Eco-Village featuring an Education Center
Mangwende Orphan Care Trust
Dombodzvuku Primary School
Post Box 830
Marondera, Zimbabwe
Tel: +263772954545
Email: mangwendeorphancaretrust@gmail.com
Total Project Cost:
$141,168.93 RTGs dollars
US $ 40,333.98
Mangwende Orphan Care Trust Contribution:
10 hectares land, river sand, thatching grass, maize, beans, sorghum and millet seeds
- 7000 interlocking bricks
- Vegetable seedlings and seeds (cabbages, beetroot, carrots, onions, garlic, potatoes, tomatoes, kale and lettuce)
PROJECT DESCRIPTION
Mangwende Orphan Care Trust (M.O.C.T) is a charity organization wanting to design and develop an eco-village for orphaned and abandoned children featuring an education center.
We are seeking a grant to establish this holistic children’s eco-village/ Permaculture academy.
The children’s Eco village design is planned as a self-sustaining village with clear zoning of programs.
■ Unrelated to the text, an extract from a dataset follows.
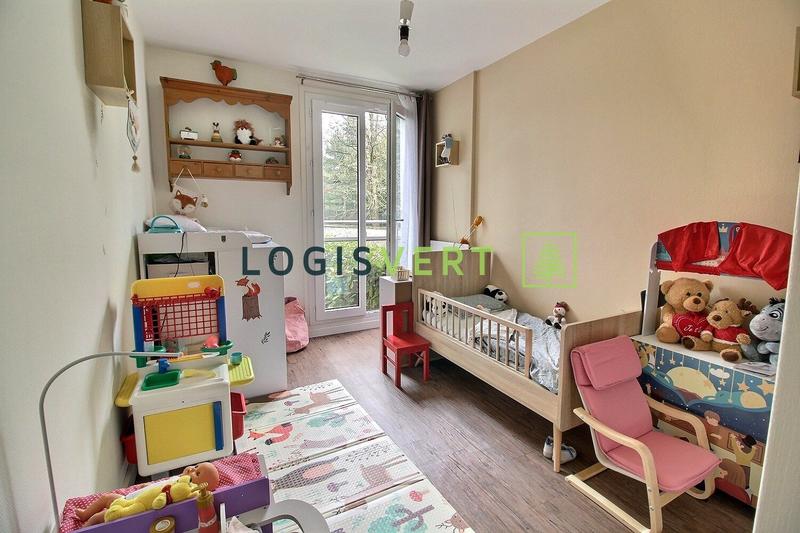 Appartement - 86 m² - 5 pièces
We need a master plan for this holistic children’s eco-village with facilities such as;
a kitchen, library, and houses for staff, students, visitors, volunteers, classrooms, solar station, biogas facility, food forest, tree nursery, seed bank, organic farming, regenerative farming, permaculture, natural farming and natural building demonstration site.
STATEMENT OF NEED
In Zimbabwe today there are more than 2 million orphans and vulnerable children and many communities are vulnerable to drought and hence, experience hunger and malnutrition from time to time.
This scenario raises many questions about what went wrong with the agricultural revolution technologies such as the use of fertilizers, improved seed, and irrigation schemes from Government and donor investments in agricultural research.
Lack of access to education is a big problem particularly in practical sustainability that is directly relevant to their lives.
Besides the challenges of availability, it is also a lack of knowledge that stands in the way of balanced nutrition.
OUR RESPONSE:
We revived the Zunde raMambo traditional farming practice using Permaculture Design Principles.
Zunde is a social security system providing protection against food shortages to vulnerable families and is coordinated by Chiefs.
The Chief will designate land for growing food crops as protection against food shortages.
Members of the community take turns to participate in the entire production process from ploughing and sowing to weeding and harvesting voluntarily.
The harvest is stored in granaries at village headman’s homestead as food reserves, which will be distributed in the event of food shortages.
Priority is given to older persons, orphans, vulnerable and persons with disabilities.
The voluntary participation helps to sharpen the community’s sense of belonging and identity.
Mangwende Orphans Care trust is the organization working with communities to promote Zunde raMambo using Permaculture Design Principles.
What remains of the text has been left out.